A woman from Kaungkha—one of the villages targeted—told RFA’s Myanmar Service that residents had fled in terror during the Nov. 26 raid and were unable to determine the identities of the gunmen in the chaos.

“They abducted people from our village—one of them has a wife who is the mother of two children and another has a pregnant wife with three kids,” the woman said, speaking on condition of anonymity.

“The last one is a young man with two sons. We don’t know where [the men who were taken] are now.”

Kaungkha was among four villages attacked along the road leading to Namtu, a township located 52 kilometers (32 miles) northwest of Lashio. The road between the two townships has seen frequent clashes between Myanmar’s military and the ethnic Shan State Army-North (SSA-N) in recent weeks.
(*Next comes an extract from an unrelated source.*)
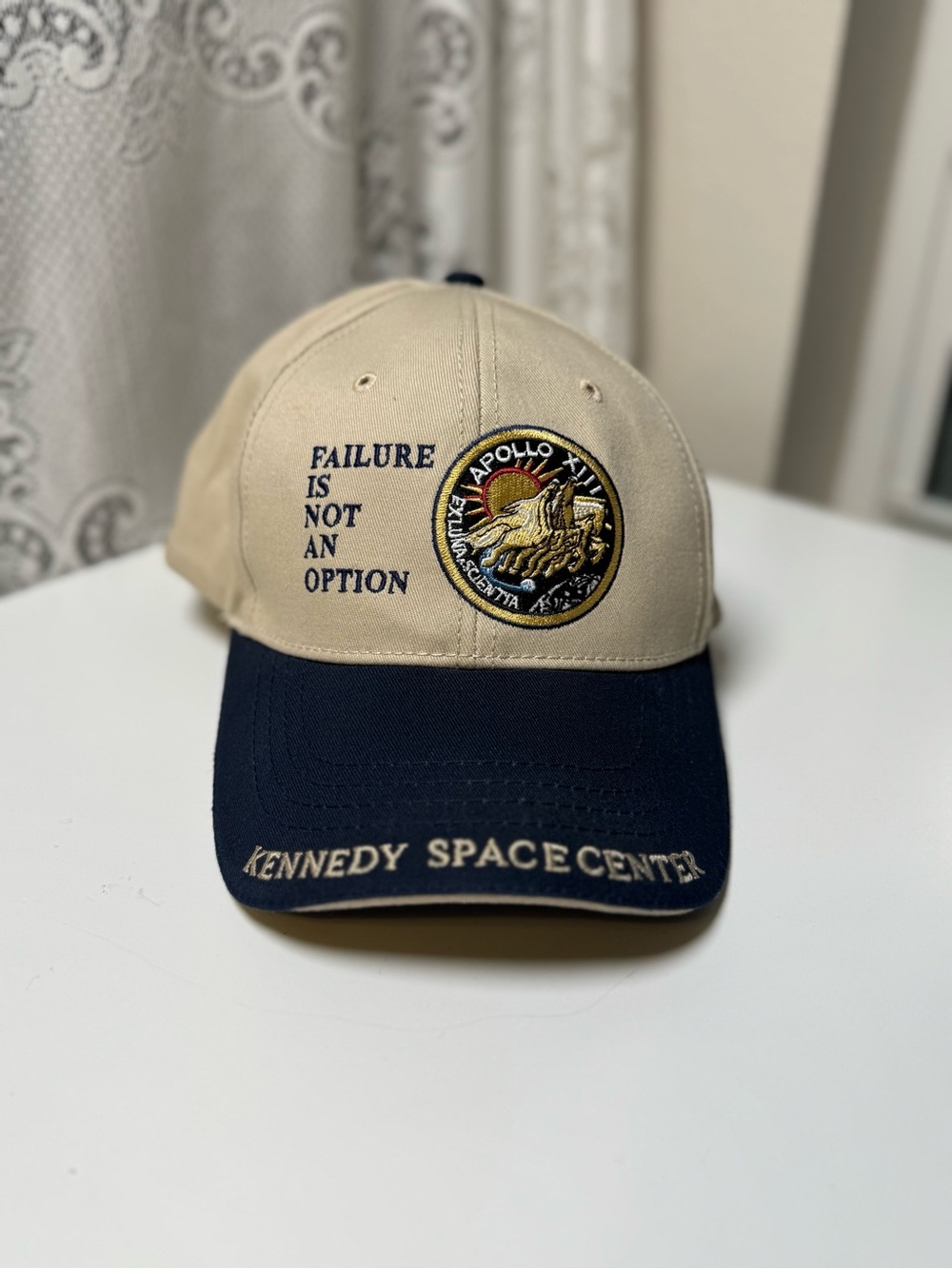 NWOT Kennedy Space Center Apollo 13. Failure is Not an Option Hat- Adjustable
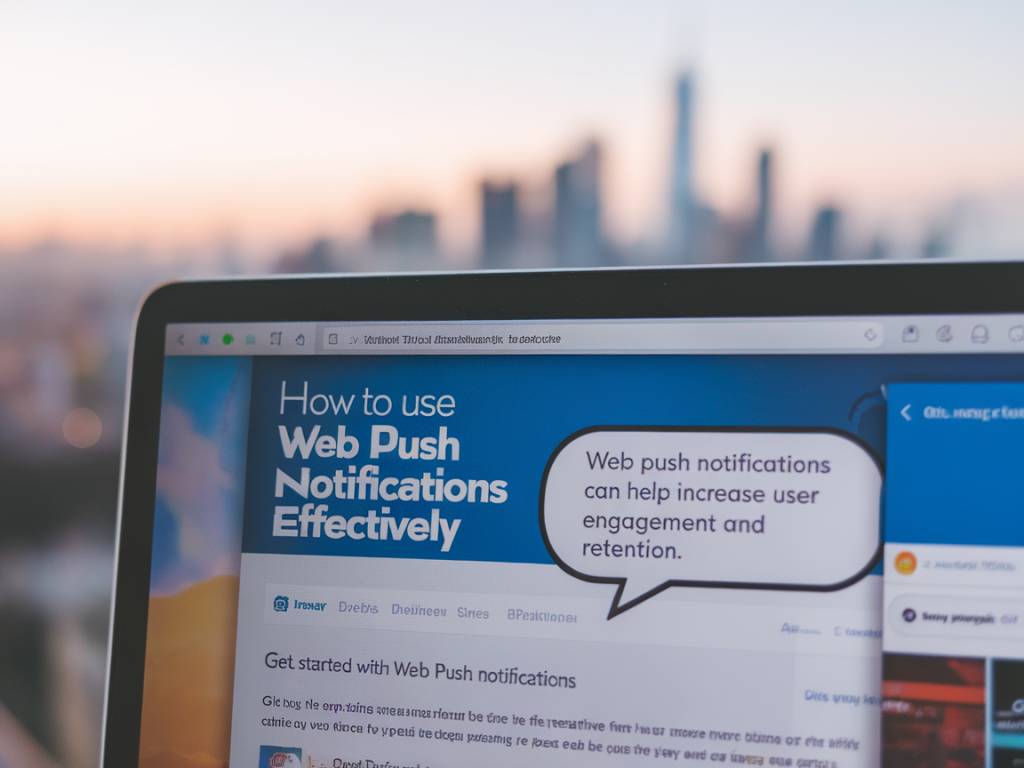 Web push notifications : comment les utiliser efficacement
Other residents said they had compiled a list of around 50 people who had been abducted by the gunmen in the Nov. 26 raids, including some 30 men who were taken from the village of Ei-Naing.

They said that frequent raids in the area had led many villagers to abandon their homes to seek refuge in town centers such as Lashio in recent weeks, though they did not specify who was responsible for the attacks.

The SSA-N, which is the armed wing of the Shan State Progressive Party (SSPP), was one of several armed ethnic groups that refused to enter into a so-called “nationwide cease-fire agreement” (NCA) that the government signed with eight rebel armies on Oct. 15.

Fighting resumed between the army and the SSA-N on Oct. 6, forcing an estimated 10,000 people to flee their homes in the central part of Shan state. The two sides had a cease-fire agreement in place from January 2012, but both have blamed each other for the outbreak of new fighting.

On the same day as the abductions in Shan state, a group of ethnic Shan civil society organizations meeting in Bangkok, Thailand, called on the international community to “break its silence on the war crimes” being committed by Myanmar government troops in central Shan state.

A statement issued by the Shan Human Rights Foundation (SHRF) said that since October, the military had “launched repeated air and ground missile attacks on densely populated civilian areas,” including from Nov. 9-12, when “fighter aircraft and artillery rained bombs on 6,000 civilians” in Mong Nawng township, as well as in Monghsu township, where more than “1,500 displaced villagers were sheltering.”

The attacks, and “abuses including shooting and rape of villagers,” have displaced more than 10,000 people from Ke See, Monghsu and Mong Nawng townships, it said, adding that there “has been little sign of aid from international agencies” in Myanmar’s commercial capital Yangon.

“Keeping silent about Naypyidaw’s latest attacks and war crimes is giving the green light to these atrocities,” human rights activist Nang Charm Tong said in the statement, which urged the international community to make any further engagement with the government contingent on an end to offensives in ethnic areas.